Nel darne oggi notizia, Gabriele Morolli, docente di Storia dell’architettura all’Università di Firenze, tra i massimi conoscitori di Alberti e curatore con Cristina Acidini (soprintendente dell’Opificio delle Pietre Dure) della mostra, sostiene la tesi che a realizzare il disegno sia stato Alberti in persona. “Le sue teorie – spiega – hanno influenzato molti dei massimi artisti dell’epoca, tra cui Piero della Francesca, al quale La Città Ideale è di solito attribuita. Ma in questo caso si va ben oltre la paternità mentale. Il disegno prefigura alla perfezione forme, volumi e prospettiva dell’intera rappresentazione rivelando l’opera non di un pittore, ma di un architetto come Alberti, che secondo Vasari era bravissimo a disegnare prospettive di città ‘senza le figure'”.

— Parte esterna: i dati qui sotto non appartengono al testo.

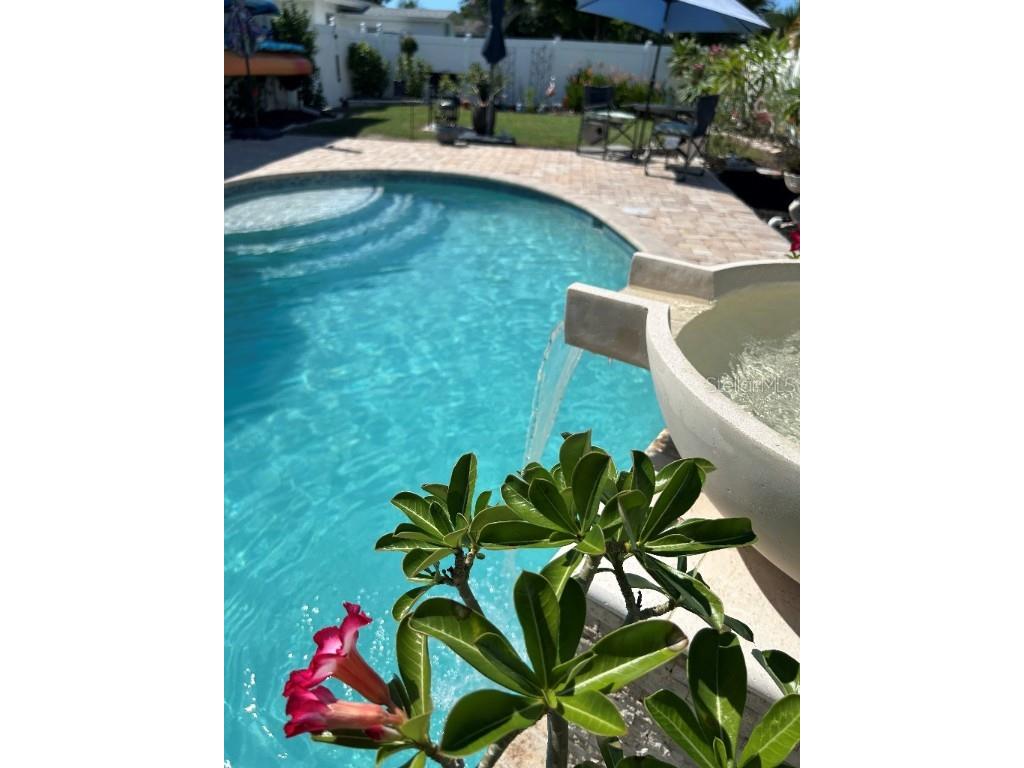 341 Pine Tree Road Venice FL 34293 TB8434735 image5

“Gli edifici rappresentati – aggiunge Morolli – non solo sono fedeli trascrizioni di architettura descritte nel trattato albertiano De Re Aedificatoria, ma citano anche note opere di Alberti, in particolare Palazzo Rucellai e la facciata di Santa Maria Novella a Firenze, il tempio Malatestiano a Rimini. Niente ci proibisce dunque di pensare che Alberti abbia realizzato il disegno da par suo e che, poi, altri lo abbiano colorato”. E’ inoltre noto che, oltre altre alla tavola in questione, custodita nel Museo Nazionale delle Marche ad Urbino, esistono altre due Città ideali conservate a Berlino e a Baltimora, raffiguranti analoghe scene urbane, realizzate in apparenza secondo una stessa concezione e forse da una stessa mano.

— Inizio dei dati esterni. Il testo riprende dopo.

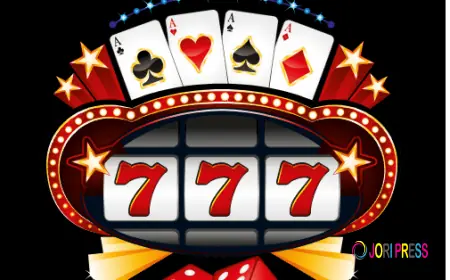 How to Stay Safe and Secure While Using winadda login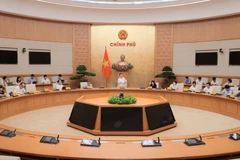 El viceprimer ministro de Vietnam Ho Duc Phoc habla en la reunión. (Foto: VNA)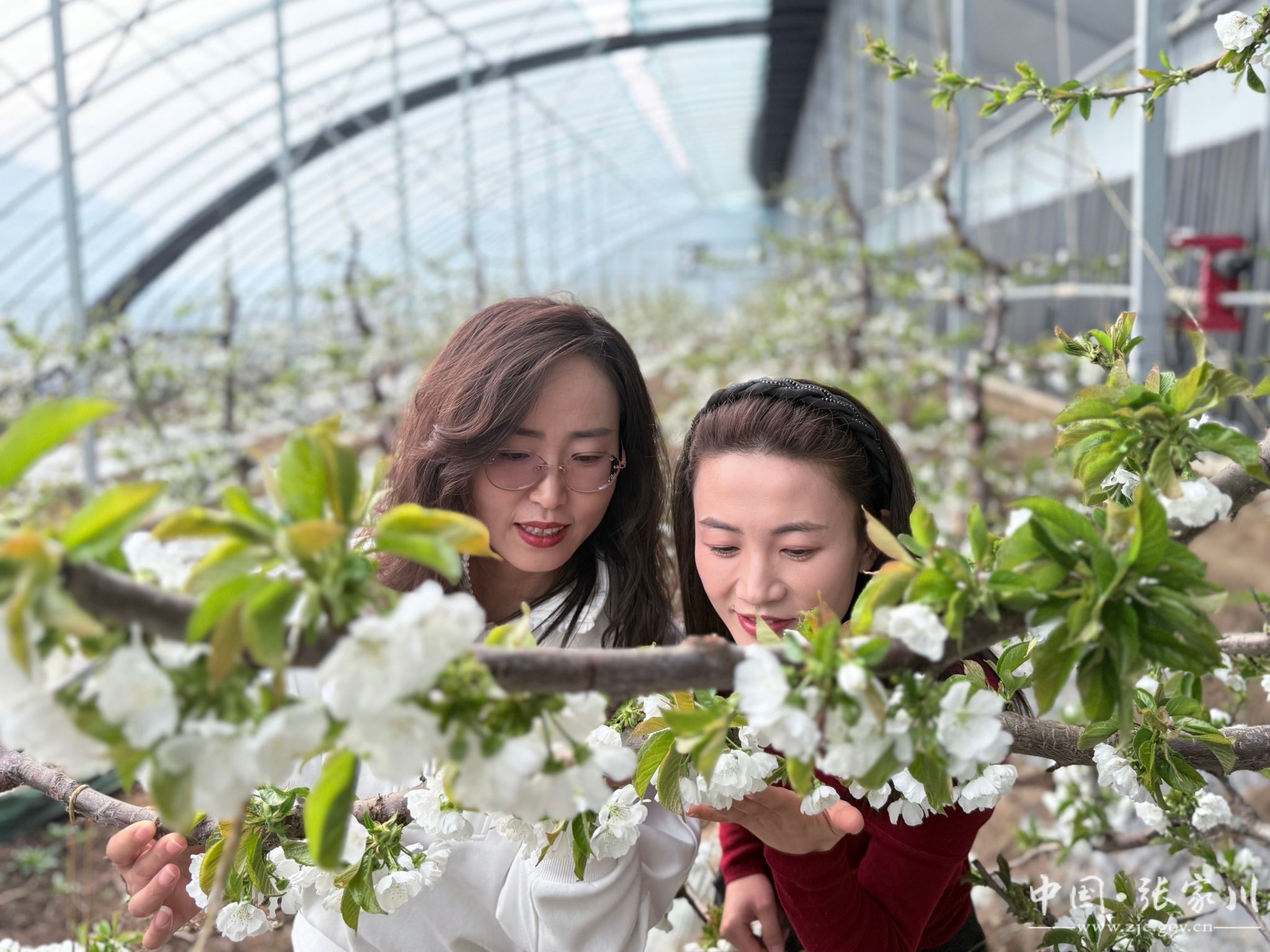 1770347139629029860.jpg 1770346409469014396.jpg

Per Morolli il palinsesto grafico alla base del dipinto di Urbino risalirebbe alla meta del Quattrocento e potrebbe essere stato concepito nell’ambito dei grandi progetti di papa Niccolò V (di cui Alberti fu consigliere e al quale donò la prima copia del De Re Aedificatoria) per rinnovare Roma e restaurare le antichità in vista del Giubileo del 1450. E questa sua ipotesi trova conforto nei soggetti delle altre due Città ideali. Quella di Baltimora raffigurerebbe, dunque, non un generico foro, bensì proprio il Foro Romano con tanto di Colosseo e Arco di Costantino accanto a edifici moderni: il grande tempio ottagonale fasciato di marmi bianchi e verdi come la facciata di Santa Maria Novella, i tanti palazzi all’antica che sembrano copie o sviluppi di Palazzo Rucellai. Quella di Berlino raffigurerebbe invece la grande strada urbana che doveva mettere in comunicazione il Vaticano con l’approdo sul Tevere presso Castel Sant’Angelo (come l’attuale Via della Conciliazione) per favorire l’afflusso dei pellegrini. Quella di Urbino, infine, sarebbe l’immagine della Piazza vaticana circondata da modernissimi palazzi cardinalizi e con al centro il tempio rotondo del nuovo San Pietro. Seracini vorrebbe ora analizzare con i suoi strumenti anche le altre due Città ideali nella convinzione che nascondano anch’esse un disegno. (ANSA).